Barghouti não apresentou qualquer defesa, recusando-se a reconhecer a legitimidade das instituições israelitas, mas também rejeitou qualquer ligação aos incidentes.
Barghouti, que afirmou ter falado com todos os políticos israelitas que se reuniram com ele, apoiou a criação de um Estado palestiniano em Jerusalém Oriental, na Cisjordânia e na Faixa de Gaza com base nas linhas de demarcação de 1967, uma posição mais moderada do que a do Hamas, e referiu-se a Israel como "o nosso futuro vizinho".
Enquanto esteve na prisão, em 2006, foi coautor do Documento Nacional de Conciliação dos Prisioneiros com líderes do Hamas, da Jihad Islâmica Palestiniana e de outras fações, no qual apelou à unidade palestiniana.
Continua a ser visto como alguém que pode potencialmente reforçar o partido Fatah, fundado por Yasser Arafat, cuja liderança apelidou de "velha, fraca e alienada", e unir os palestinianos de todo o espetro político, incluindo os apoiantes do Hamas.
Mas, para além de declarações esporádicas feitas na prisão ao longo das últimas décadas, pouco se sabe sobre as suas opiniões, disse à Euronews Amjad Iraqi, analista sénior do International Crisis Group para Israel e Palestina.
"Há muita iconografia e uma lenda construída à volta dele. Mas muito poucas pessoas conhecem o homem em si, ou ouviram-no falar, ou viram-no durante muito tempo", disse Iraqi.
"Trata-se de um homem que esteve na prisão durante cerca de 20 anos. Poucas pessoas conhecem realmente a sua política atual, o que ele faria da situação atual", explicou.
Não se pode ter um complexo de Messias em relação a Barghouti
De facto, há pelo menos dois anos que ninguém consegue falar com Barghouti.

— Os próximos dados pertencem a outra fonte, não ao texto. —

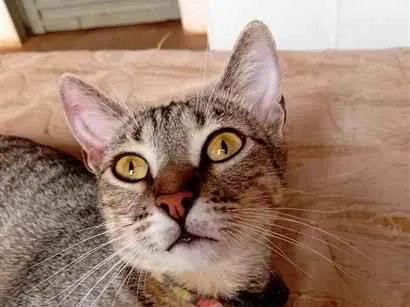 Gato raça SRD-ViraLata idade 1 ano nome Felipa
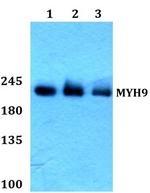 MYH9 Antibody in Western Blot (WB)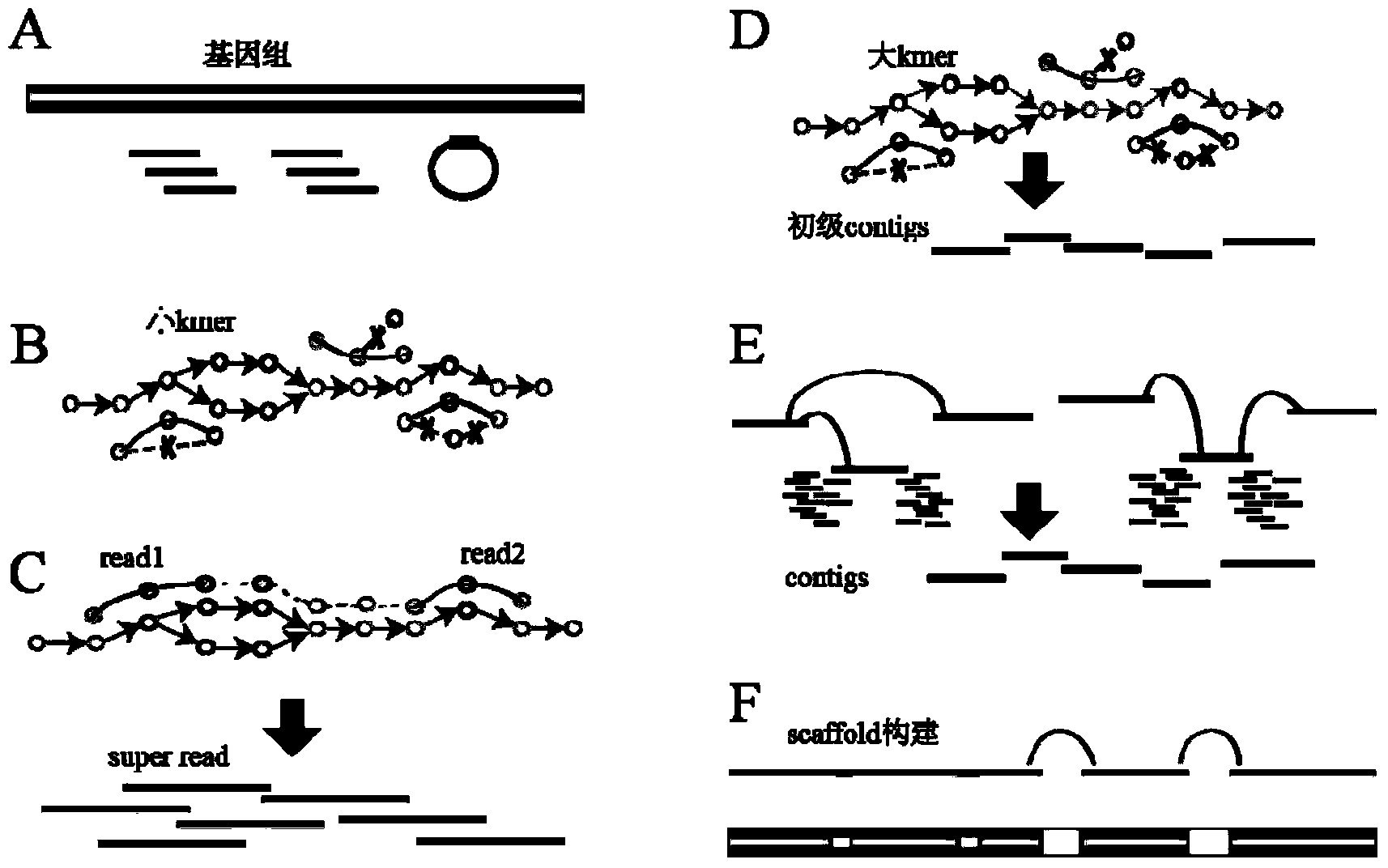 High-throughput sequencing data-based genome de novo assembly method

Desde o início da guerra entre Israel e o Hamas, em outubro de 2023, Barghouti tem estado detido na solitária e, de acordo com grupos de defesa dos direitos dos prisioneiros palestinianos, tem sido sujeito a graves maus-tratos. A sua família tem manifestado receio pela sua segurança.
Barghouti foi visto pela última vez em agosto, quando Ben Gvir visitou a sua cela e foi gravado a dizer: "Vocês não nos vão derrotar".

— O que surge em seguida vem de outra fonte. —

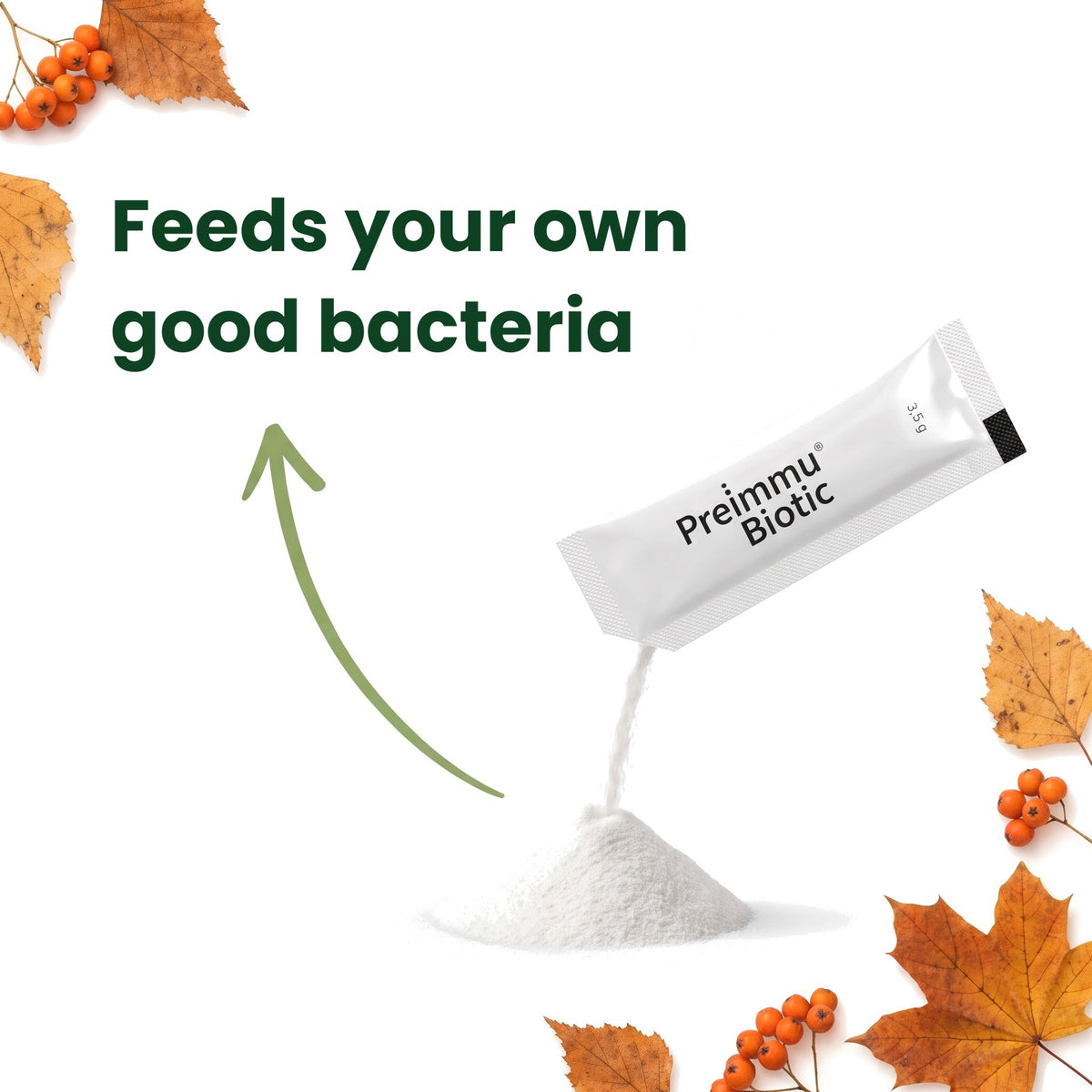 bacteria [en]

"Quem quer que se meta com o povo de Israel, quem quer que assassine as nossas crianças, quem quer que assassine as nossas mulheres - nós destruímo-los. Tens de saber isto, ao longo de toda a história", disse Ben Gvir a Barghouti num vídeo divulgado publicamente.
Do lado palestiniano, o elefante na sala é saber se a Fatah e Abbas gostariam genuinamente de ser desafiados por uma figura popular no meio de uma perda total de popularidade.

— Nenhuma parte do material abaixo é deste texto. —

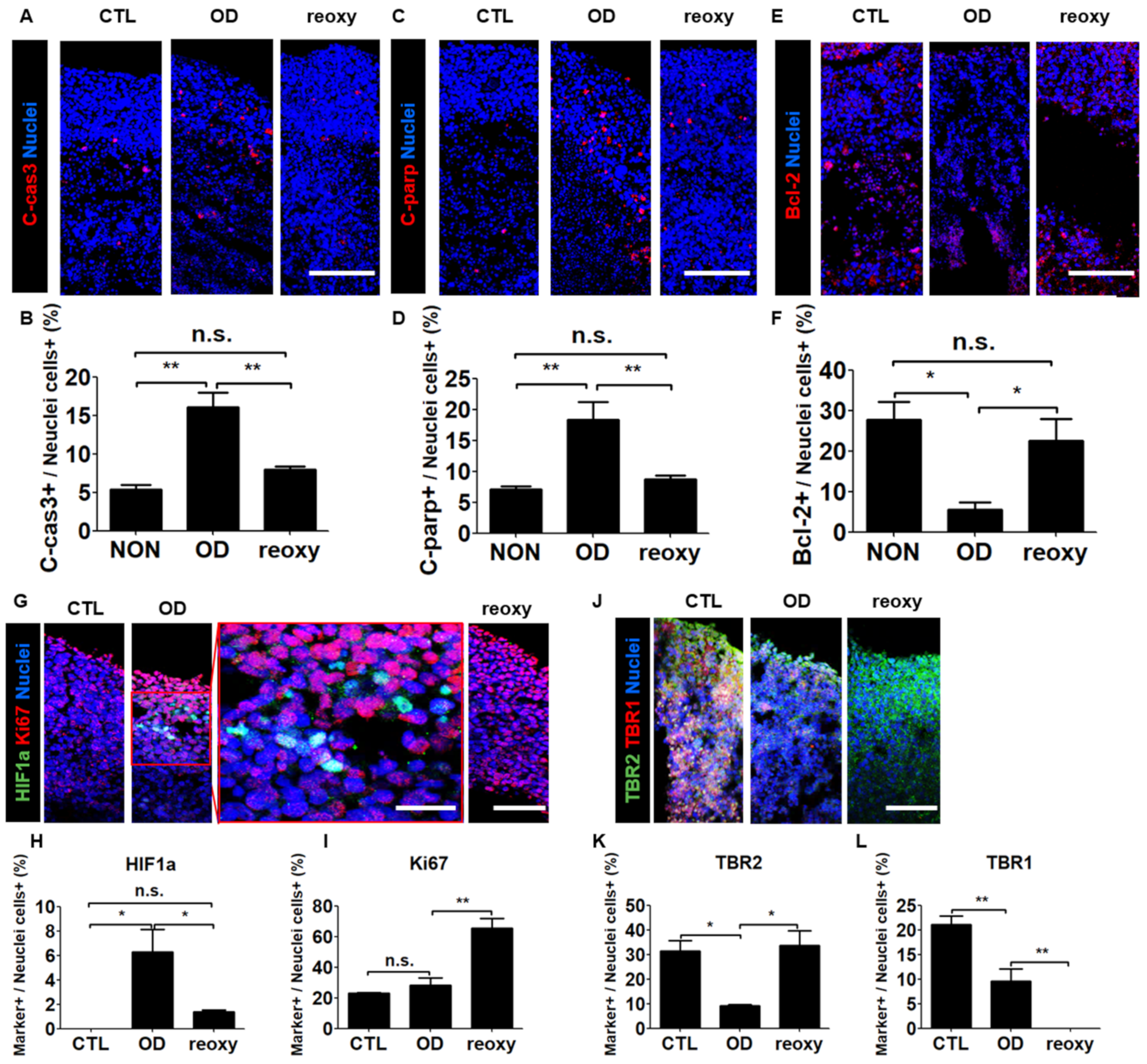 Cells 10 00234 g005 Cells 10 00234 g005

Ao mesmo tempo, o Hamas, que ainda vê o seu lugar no movimento nacional palestiniano, também não seria muito recetivo a um desafiador, dizem os especialistas.
"Mesmo que ele venha a ser libertado, há demasiadas suposições sobre o que ele pode fazer", disse Iraqi.
"Ele vai para um partido que perdeu tanta legitimidade popular que está a ser libertado para um movimento nacional que nunca esteve tão dividido."
Segundo o Dr. Matthew Levitt, diretor do Programa Reinhard de Contraterrorismo e Informações do Instituto de Washington para a Política do Próximo Oriente, exigir a libertação de Barghouti não tem a ver com ele - mas com o facto do Hamas manter a sua imagem e influência.
"Historicamente, o Hamas tem procurado libertar palestinianos proeminentes que se encontram nas prisões israelitas e que não são membros do Hamas, de modo a apresentar-se como lutando por todos os palestinianos, em vez de procurar apenas a libertação dos seus próprios membros", disse Levitt à Euronews.
"O facto de Barghouti não estar, aparentemente, na lista dos que devem ser libertados é um sinal revelador de que o Hamas não está a negociar a partir de uma posição de força", explicou.
Entretanto, os especialistas acreditam que nenhuma pessoa - incluindo Barghouti - é a solução para todos os problemas palestinianos, políticos e outros.
"Não se pode ter um complexo de Messias em relação a Barghouti", disse Iraqi.
"Sim, os líderes individuais são importantes, mas colocar todo este peso e bagagem num único indivíduo para corrigir algo que as massas de outros não foram capazes de mudar durante anos, ou mesmo décadas, penso que é uma expetativa demasiado elevada".